** DATASET ENTRIES follows **

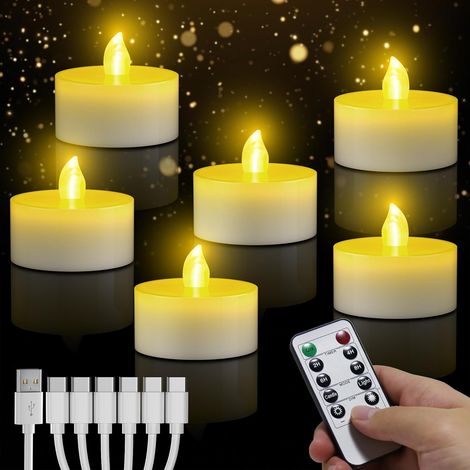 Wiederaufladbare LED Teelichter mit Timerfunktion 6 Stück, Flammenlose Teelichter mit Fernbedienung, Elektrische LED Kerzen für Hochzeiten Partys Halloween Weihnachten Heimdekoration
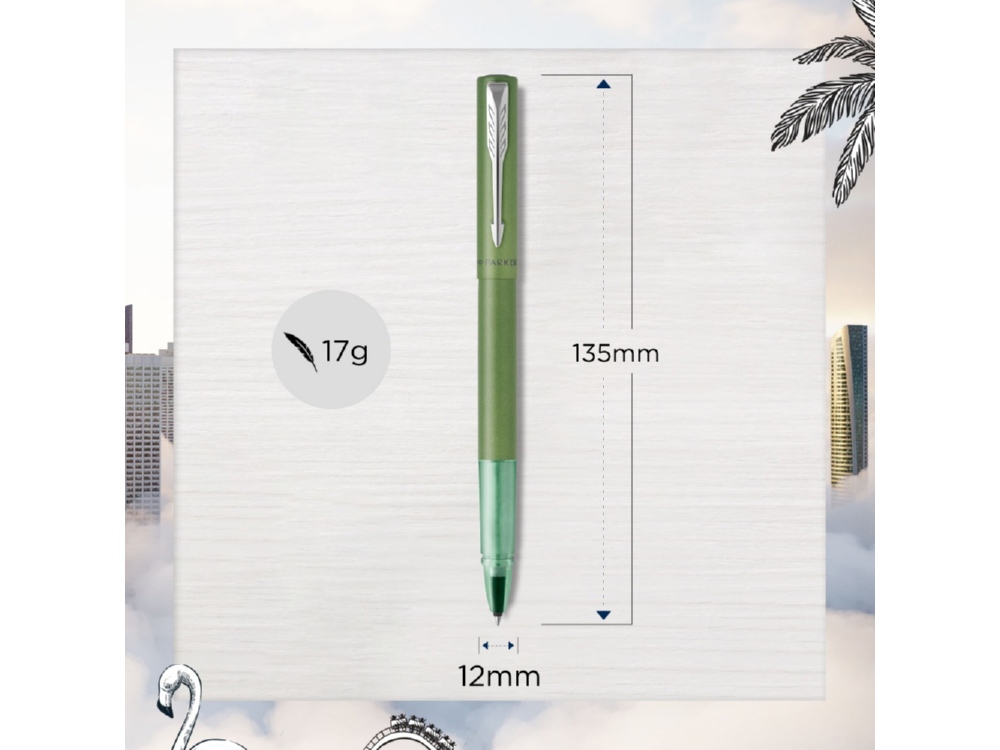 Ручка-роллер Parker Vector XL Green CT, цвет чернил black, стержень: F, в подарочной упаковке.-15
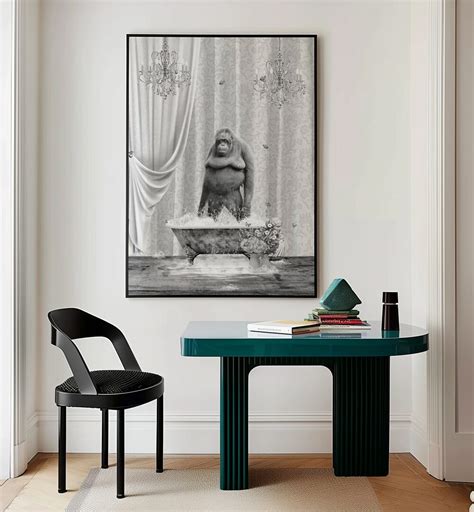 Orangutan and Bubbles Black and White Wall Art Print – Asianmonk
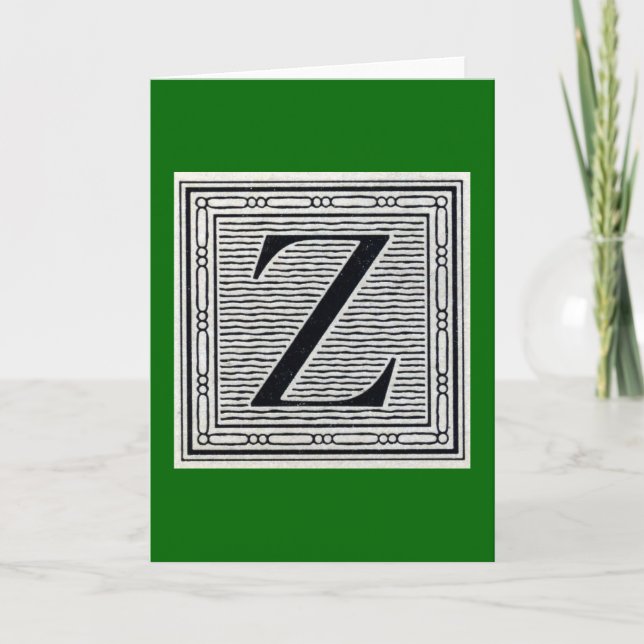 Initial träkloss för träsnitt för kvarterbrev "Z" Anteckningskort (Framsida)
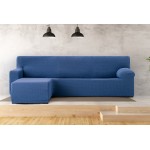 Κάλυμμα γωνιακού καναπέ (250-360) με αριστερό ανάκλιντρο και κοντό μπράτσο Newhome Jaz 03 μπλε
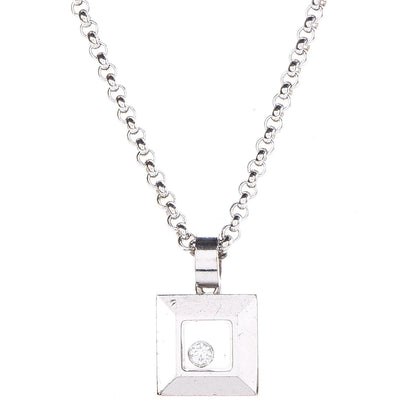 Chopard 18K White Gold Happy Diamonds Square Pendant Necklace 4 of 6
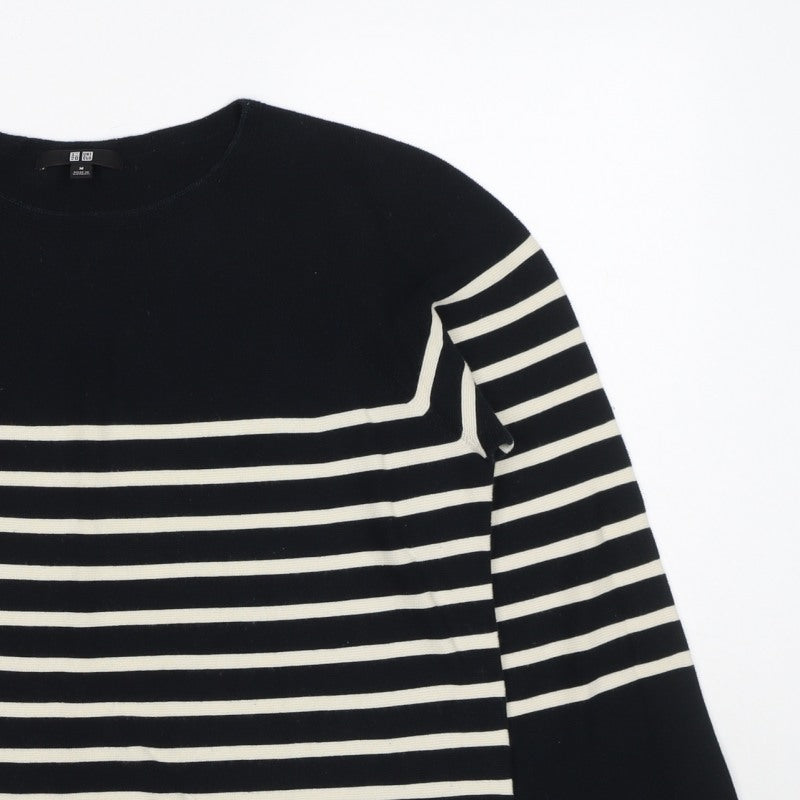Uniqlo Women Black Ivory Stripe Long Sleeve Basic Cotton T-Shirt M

** End of DATASET ENTRIES **
** DATASET ENTRIES follows **

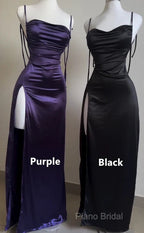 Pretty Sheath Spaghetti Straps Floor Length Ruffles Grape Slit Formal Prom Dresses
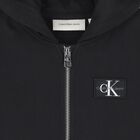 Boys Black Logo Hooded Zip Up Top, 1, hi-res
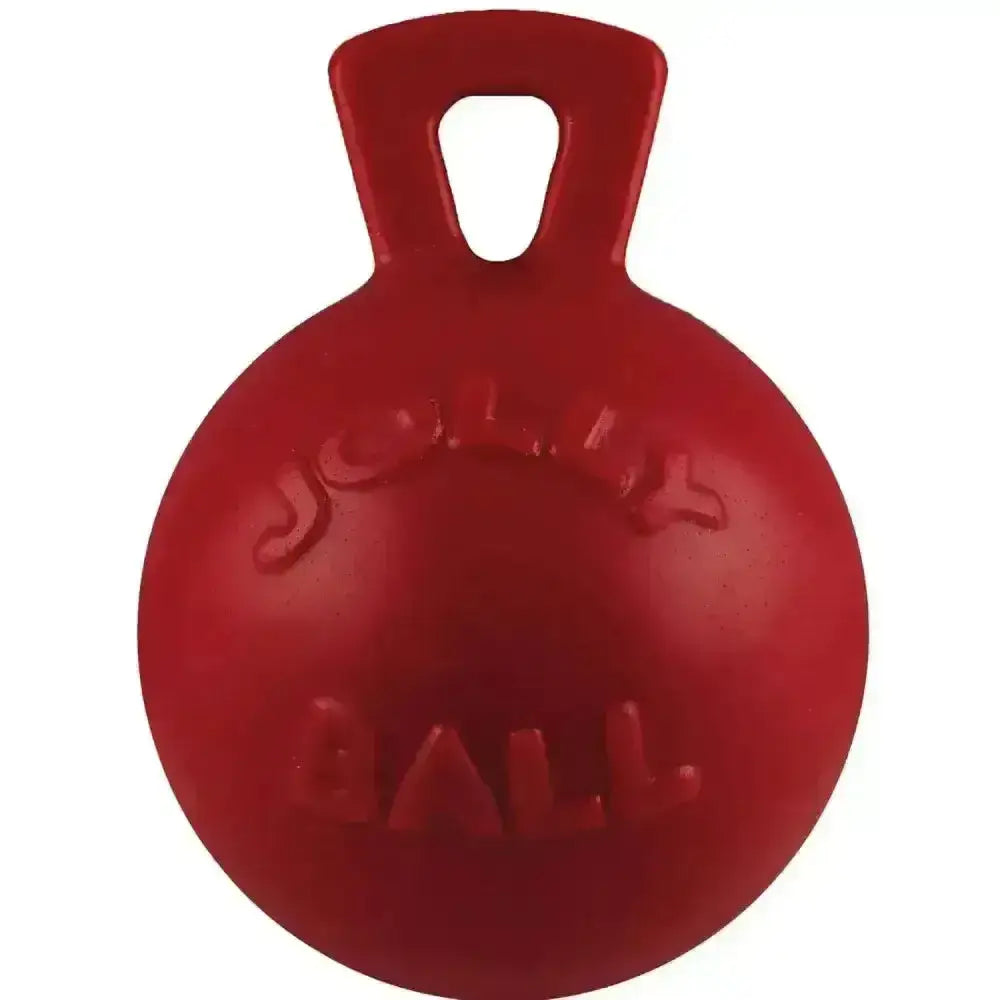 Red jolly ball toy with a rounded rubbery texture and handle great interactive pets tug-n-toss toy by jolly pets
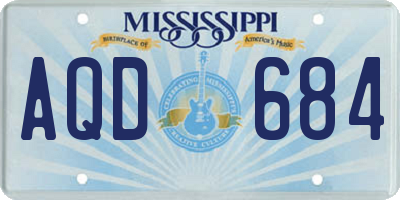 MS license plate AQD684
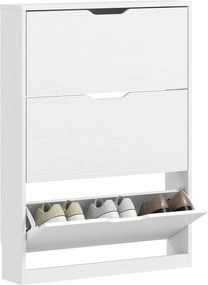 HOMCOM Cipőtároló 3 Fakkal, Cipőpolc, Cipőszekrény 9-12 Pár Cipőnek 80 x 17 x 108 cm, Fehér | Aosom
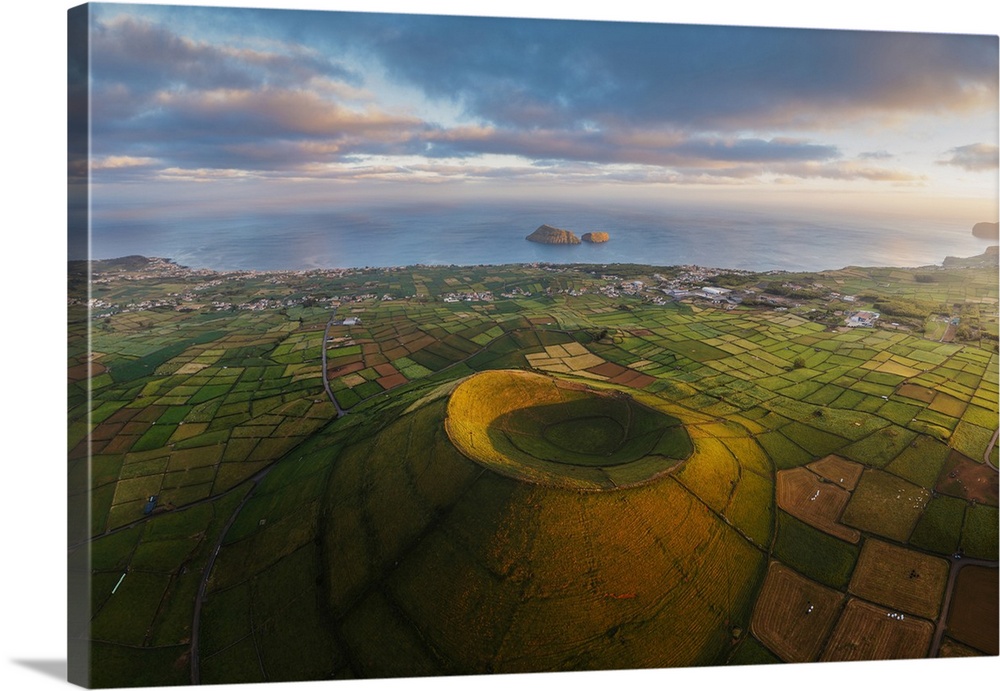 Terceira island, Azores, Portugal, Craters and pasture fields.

** End of DATASET ENTRIES **

▶ _DIRECTIONS FOR THIS TASK_
Using the records above, return word for word the lines that begin at the one containing "Initial träkloss för" and end at the one containing "Uniqlo Women Black", both of them included and no pictures.

▶ _YOUR RESPONSE_
 Initial träkloss för träsnitt för kvarterbrev "Z" Anteckningskort (Framsida)
 Κάλυμμα γωνιακού καναπέ (250-360) με αριστερό ανάκλιντρο και κοντό μπράτσο Newhome Jaz 03 μπλε
 Chopard 18K White Gold Happy Diamonds Square Pendant Necklace 4 of 6
Uniqlo Women Black Ivory Stripe Long Sleeve Basic Cotton T-Shirt M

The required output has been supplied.